-- MATERIAL SUPPLIED follows --

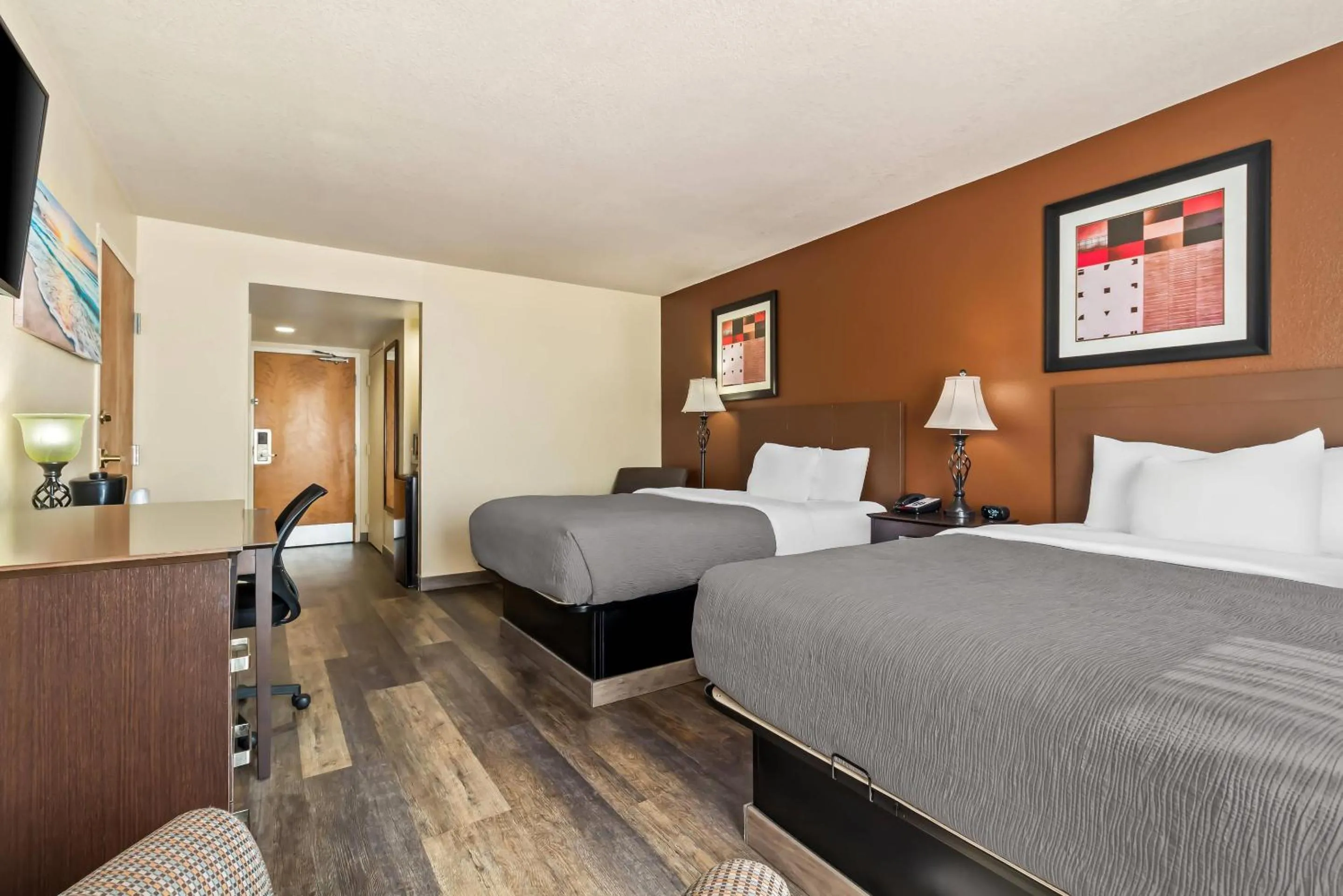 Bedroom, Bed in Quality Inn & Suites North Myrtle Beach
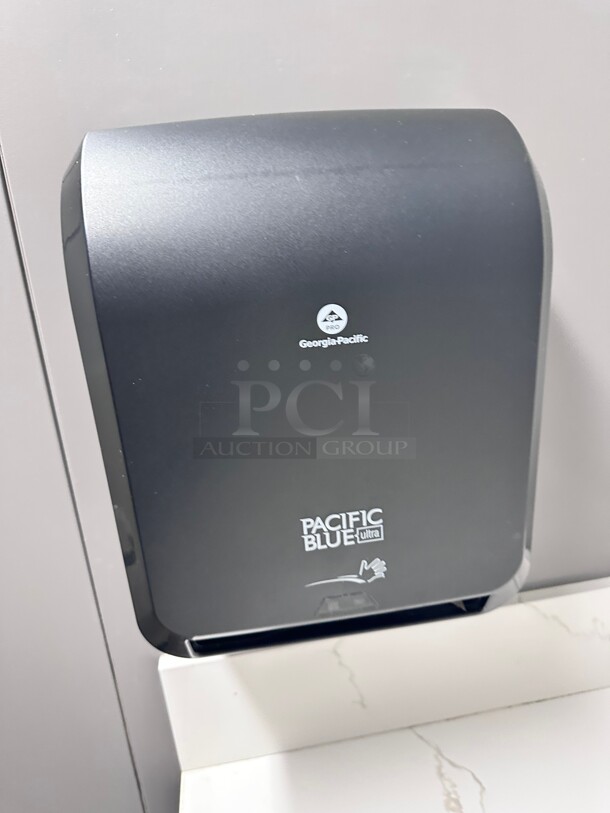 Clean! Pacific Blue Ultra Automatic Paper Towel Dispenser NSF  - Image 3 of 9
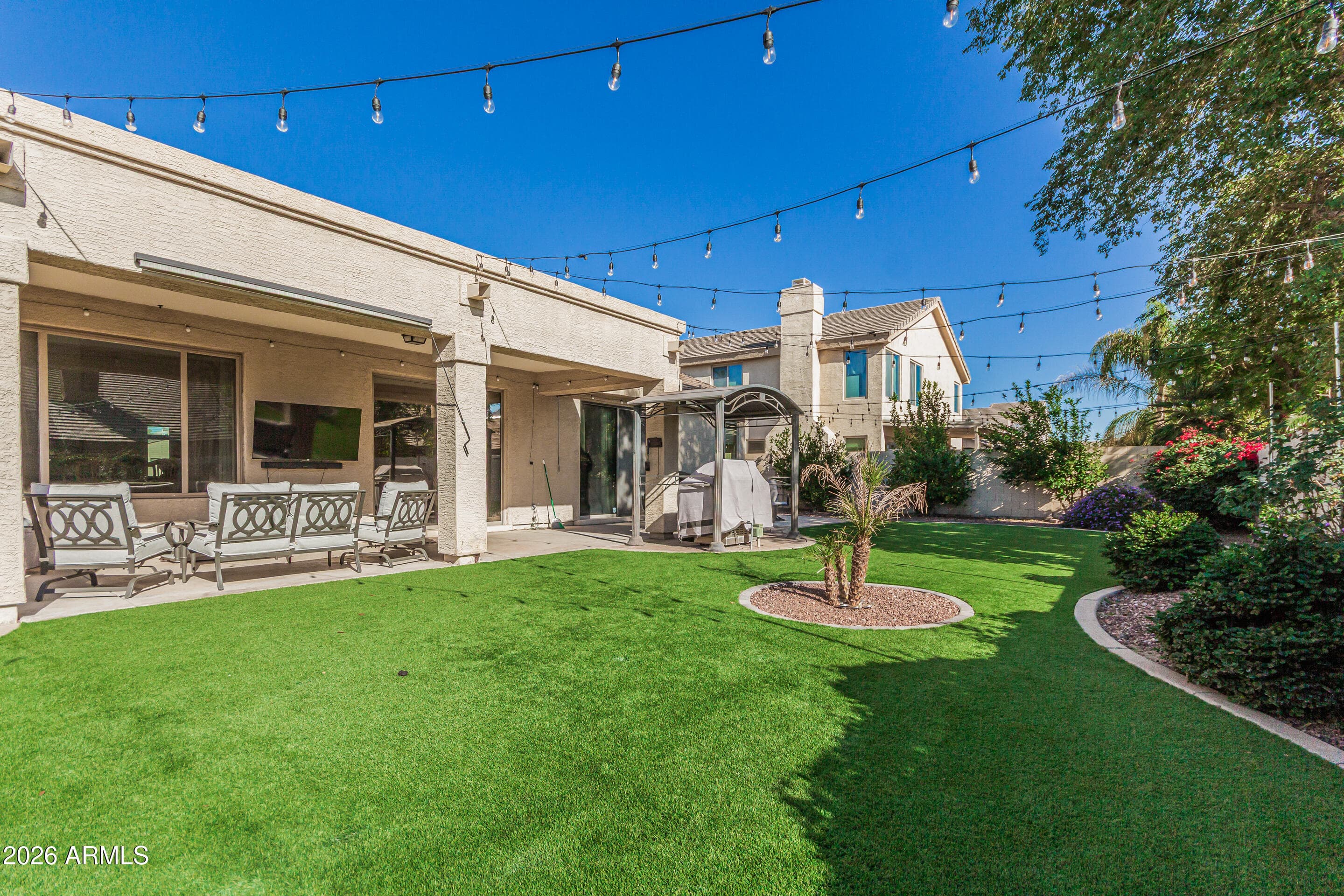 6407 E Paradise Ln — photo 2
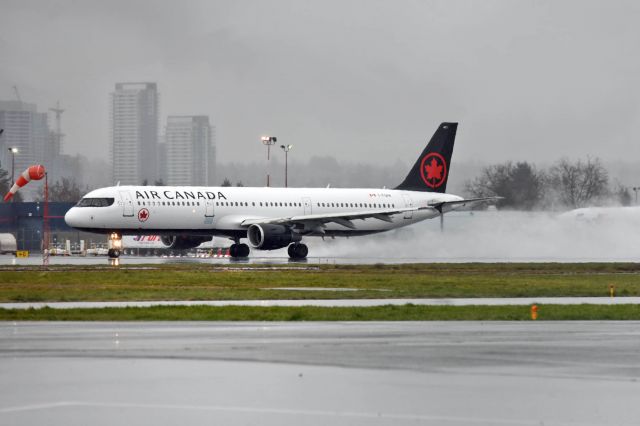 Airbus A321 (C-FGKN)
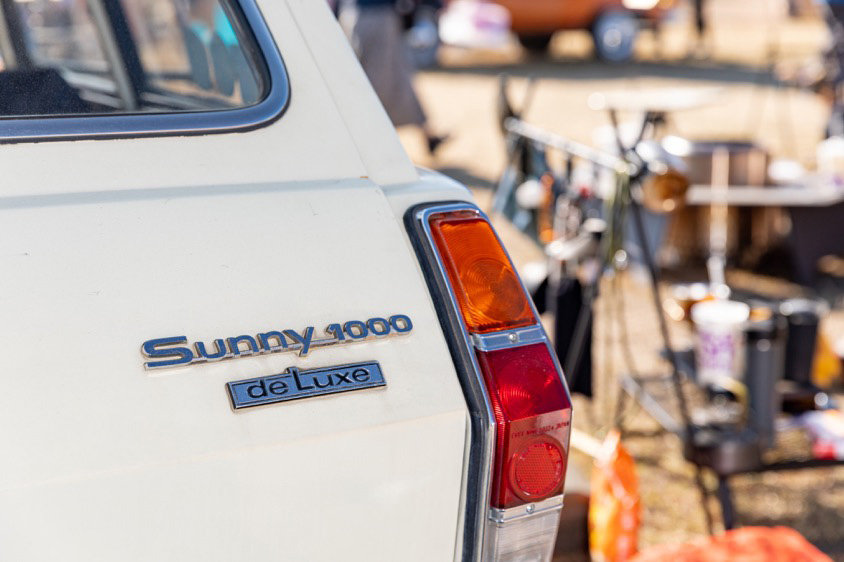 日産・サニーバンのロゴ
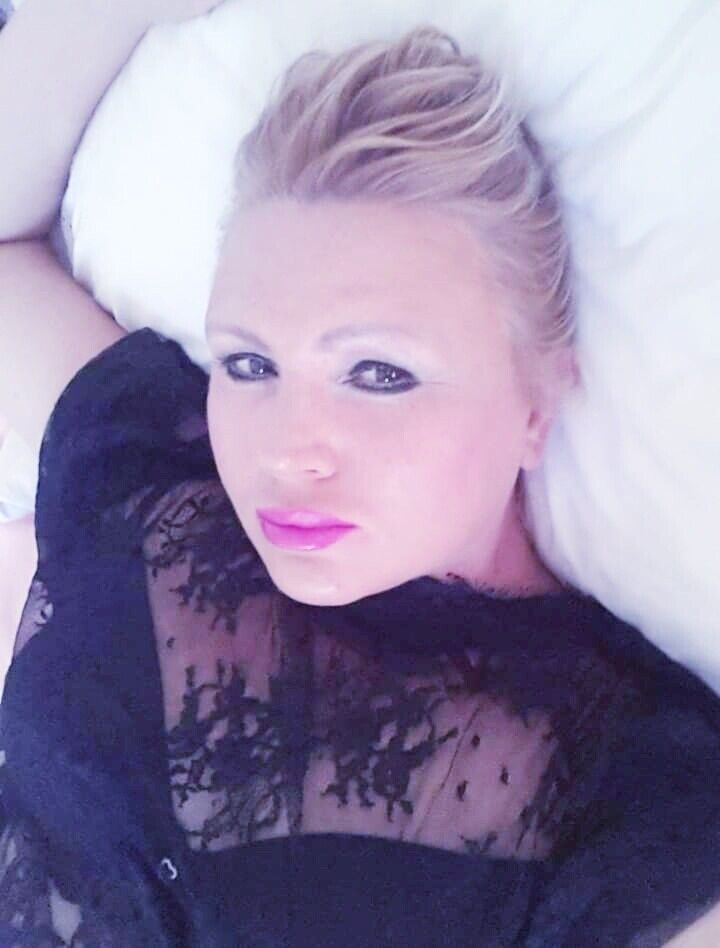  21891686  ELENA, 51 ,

-- MATERIAL SUPPLIED concluded --

> [WHAT THE EXERCISE ASKS]: Return the data exactly. Do not carry over any images.

> [ANSWER AREA]:
 Bedroom, Bed in Quality Inn & Suites North Myrtle Beach
 Clean! Pacific Blue Ultra Automatic Paper Towel Dispenser NSF  - Image 3 of 9
 6407 E Paradise Ln — photo 2
 Airbus A321 (C-FGKN)
 日産・サニーバンのロゴ
  21891686  ELENA, 51 ,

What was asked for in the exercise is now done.